A long long time ago in high school, we used the TI-83 Plus as our calculators. These were "graphical" calculators that had small LCD monochrome screens and which could be programmed using the TI-BASIC scripting language. The display itself had various modes, but the default and easiest to access was the 24×7 (I think?) character text console. Being bored at times like I was, I ended up writing various non-school related programs for the calculator, including several games.

The programs themselves did not last long, in part because by default files were stored in RAM and deleted if the calculator was power cycled (the default "on/off" did not clear the RAM, but taking the batteries out would). Eventually we were upgraded to the amazing (or so it seemed) TI-89, which was much more powerful and capable of symbolic equation-solving—thus known as a "CAS" (Computer Algebra System) calculator (and thus, banned in many assessment environments) (but, it still stored programs in RAM by default). This was the end of my TI-83+ programs—though I did write some for the TI-89, which can be found here.

Anyway, to the subject of the post: some time after that (but still almost 10 years before this post!) I ported one of the games I wrote to JavaScript. The link to it can be found at the top of the page, and every time I play it, it brings back memories of my TI-83+ days. I hope you have at least a moment of fun with it too.

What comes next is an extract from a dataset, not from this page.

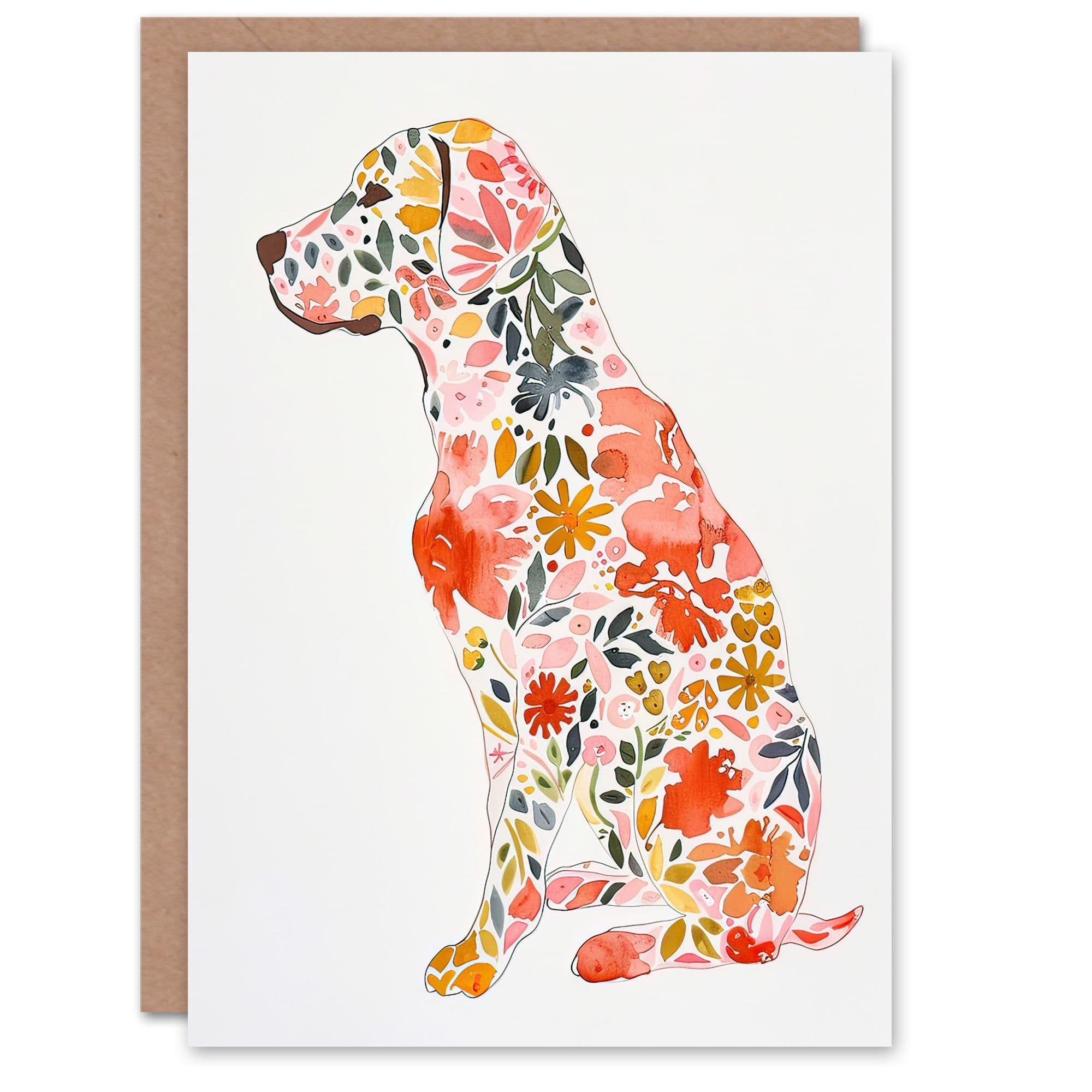 Greeting Card Labrador Dog Lover Bright Floral Pattern Portrait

It is interesting to note that the TI-83+ (and the TI-89) had a monochrome screen that could not technically display different shades of gray, much less colors like my JS version. Developers, however, found a way to get around that by rapidly flickering pixels on and off—at the refresh rate of the screen, this would make the flickering pixel effectively appear gray. As long as you didn't look too closely, that is... Unfortunately such high refresh rates were only accessible for compiled programs written in assembly (Z80 assembly, no less), as TI-BASIC programs were interpreted far too slowly and only had access to the "graph" output mode for pixel-based graphics, which was even slower again.